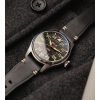 AVI-8 Hawker Hurricane Kenley Clowes Automatic Black Dial AV-4097-03 Mens Watch
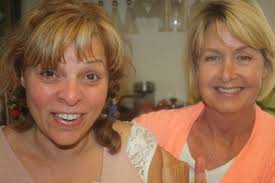 Soup Lady, "Cooking from the Heart": Jamie and Deb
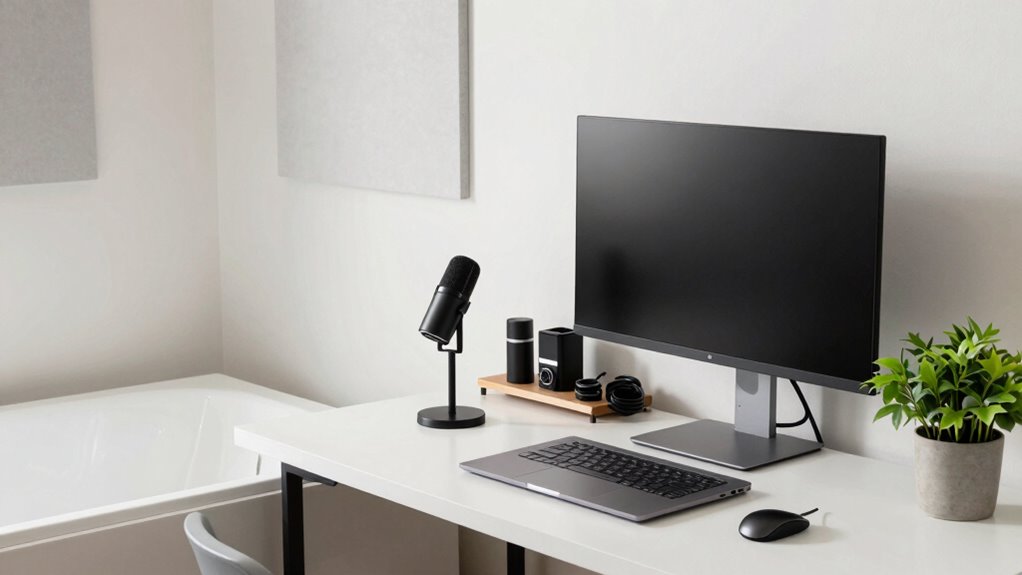 How to Build a Cleaner Streaming Corner With Less Gear Stress 4 streamline organize optimize environment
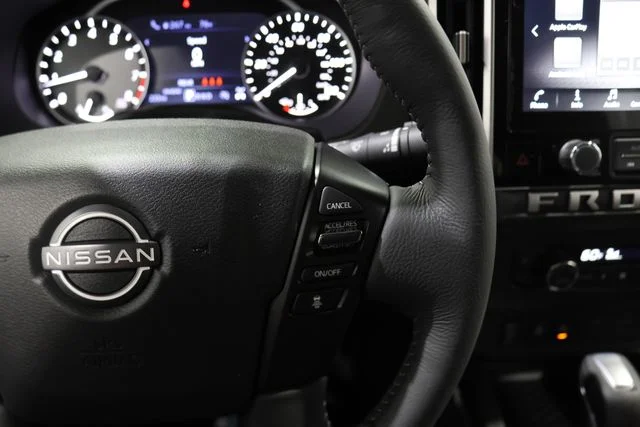 New 2026 White Nissan SV image 18
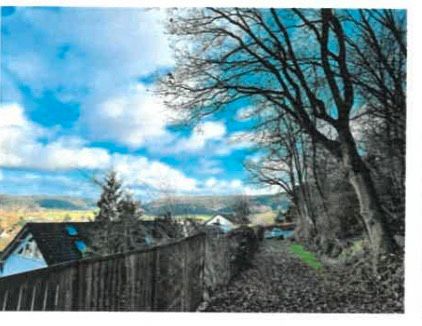 Baugrundstück mit Aussicht in Marburg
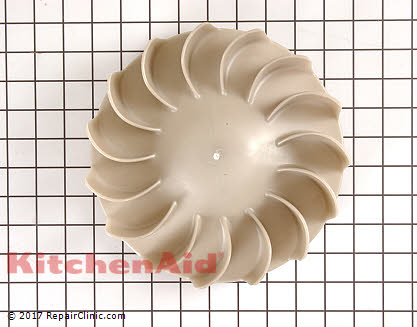 Blower Wheel WP694089 Alternate Product View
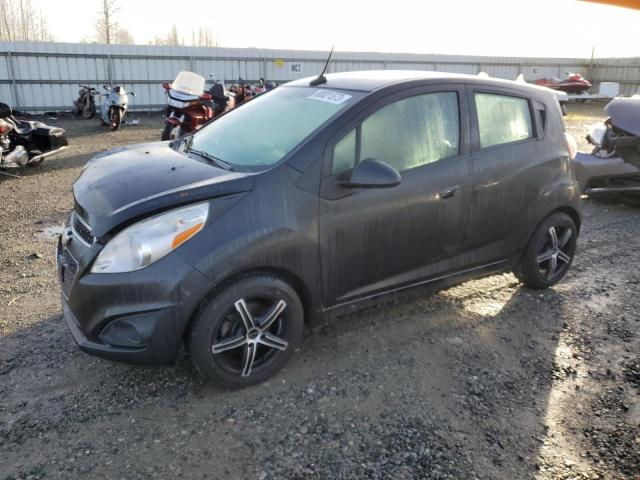 Chevrolet Spark (2014)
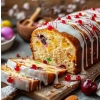 Forma silikonowa keksówka do pieczenia chleba ciasta keks babka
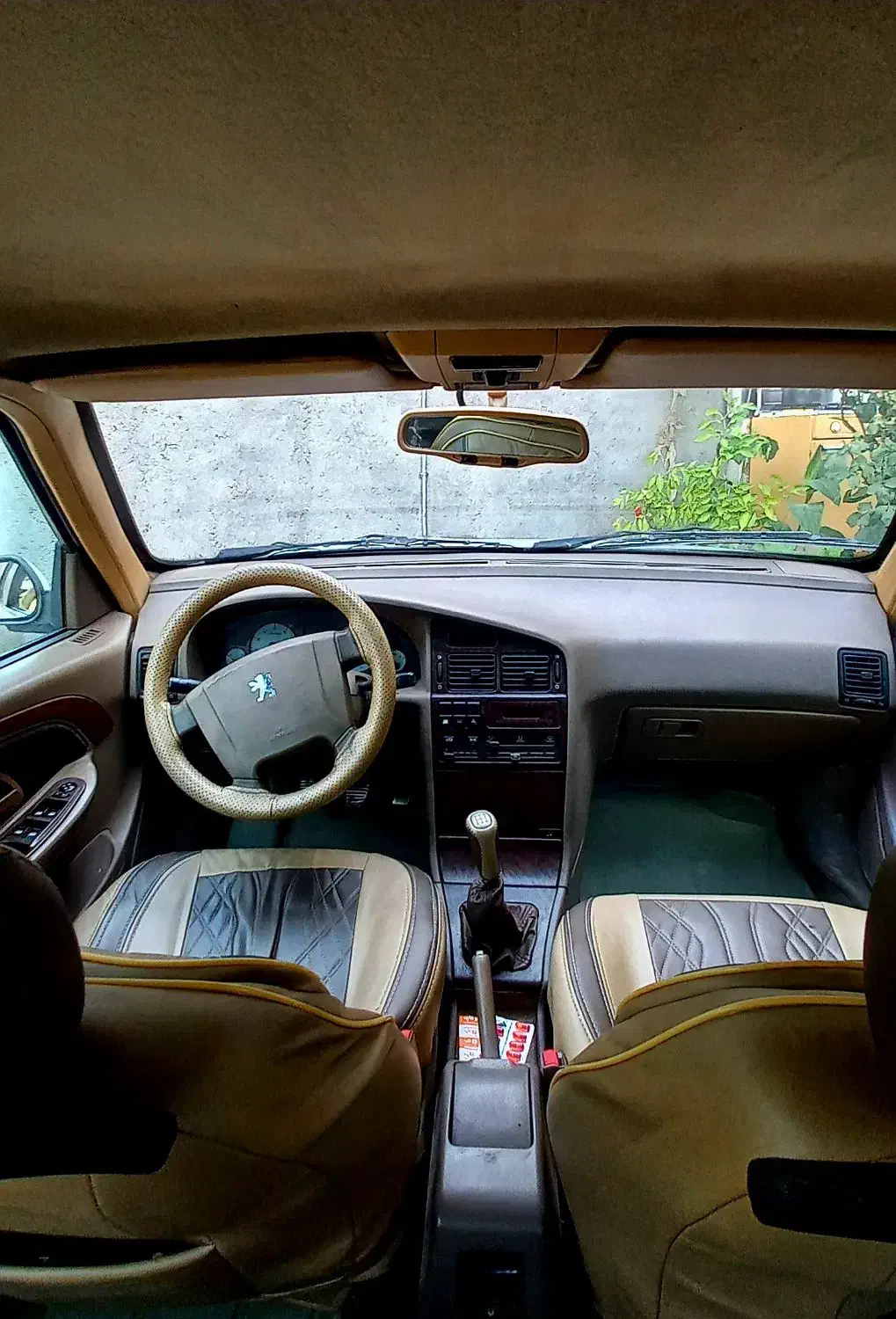 پارس سال۹۱|خودرو سواری و وانت|خوی, |دیوار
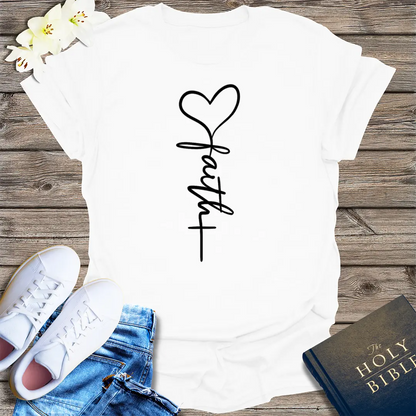 Way Maker Promise Keeper T-Shirt - White
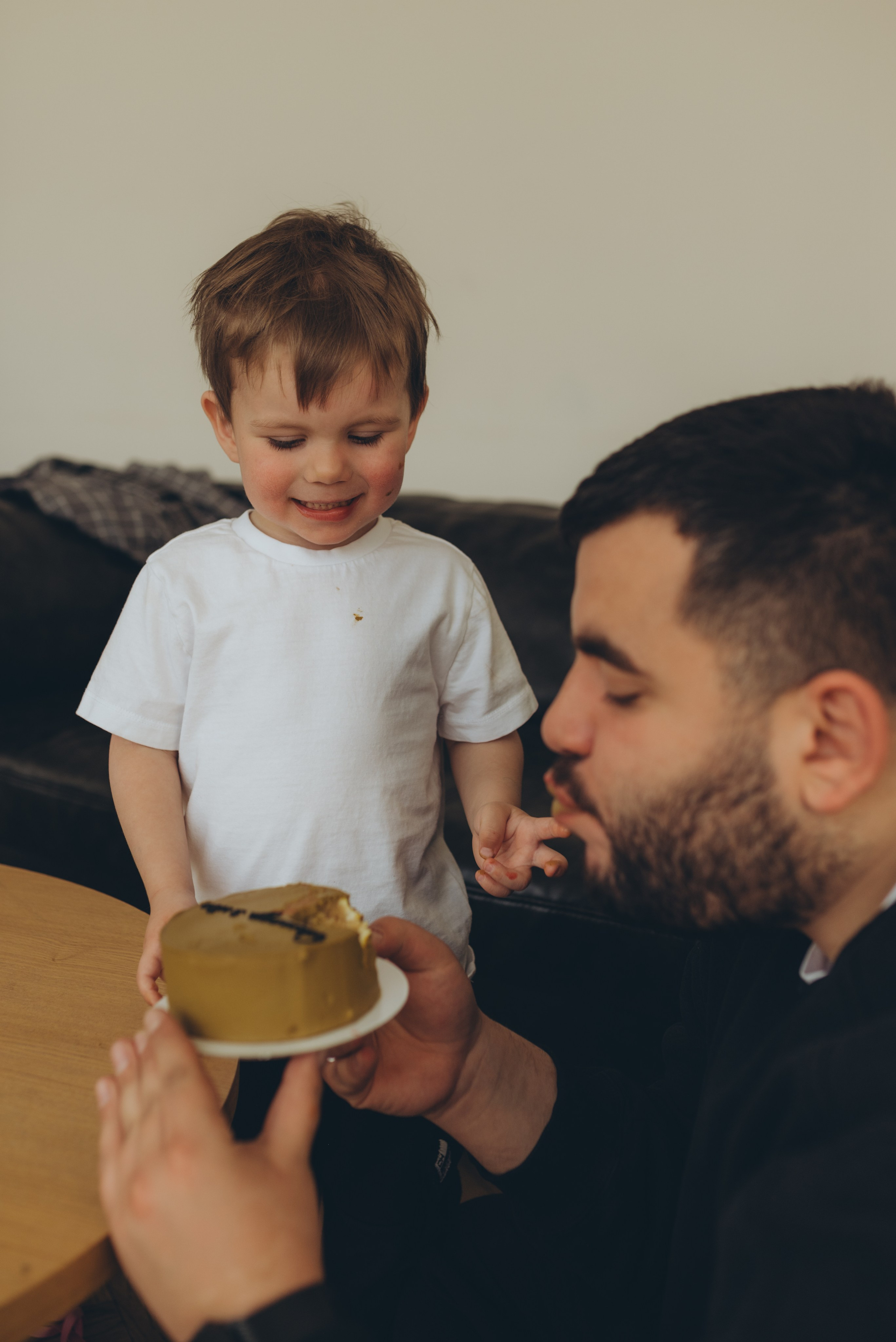 Братьям 3 года. Семейный и детский фотограф в Щелково Алена Дробот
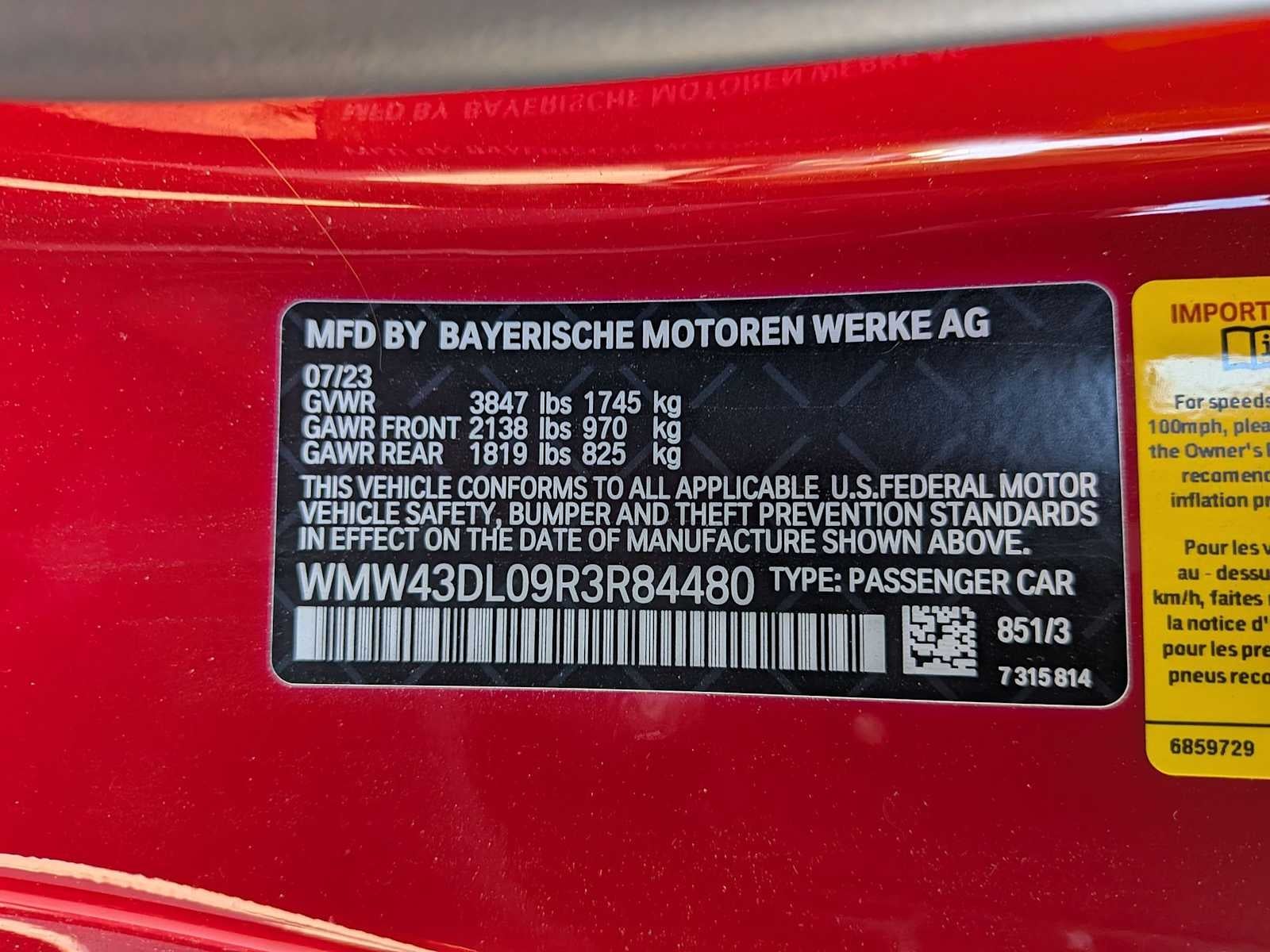 MINI Cabrio Cooper S 2024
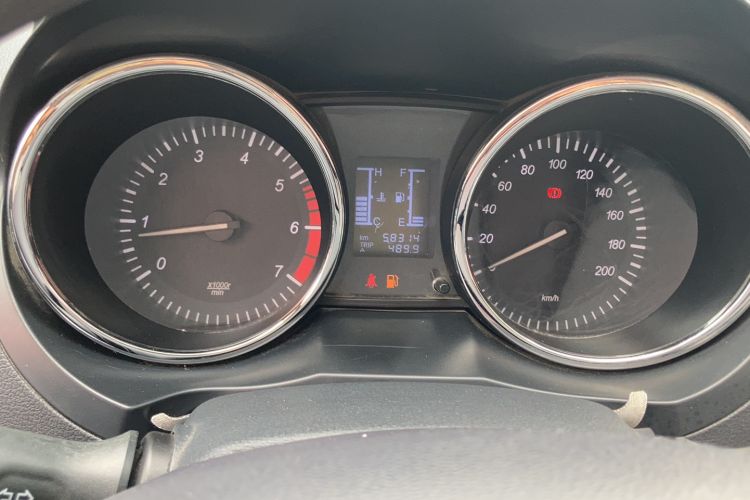 Used HYOSOW S3 2017 1.5L Manual Luxury Model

--

# Work item
Pictures are to be left out, and the lines from the beginning of the records through the line with "Blower Wheel WP694089 Alternate Product View" are to be printed exactly, with nothing added.

# Response
 AVI-8 Hawker Hurricane Kenley Clowes Automatic Black Dial AV-4097-03 Mens Watch
 Soup Lady, "Cooking from the Heart": Jamie and Deb
 How to Build a Cleaner Streaming Corner With Less Gear Stress 4 streamline organize optimize environment
 New 2026 White Nissan SV image 18
 Baugrundstück mit Aussicht in Marburg
 Blower Wheel WP694089 Alternate Product View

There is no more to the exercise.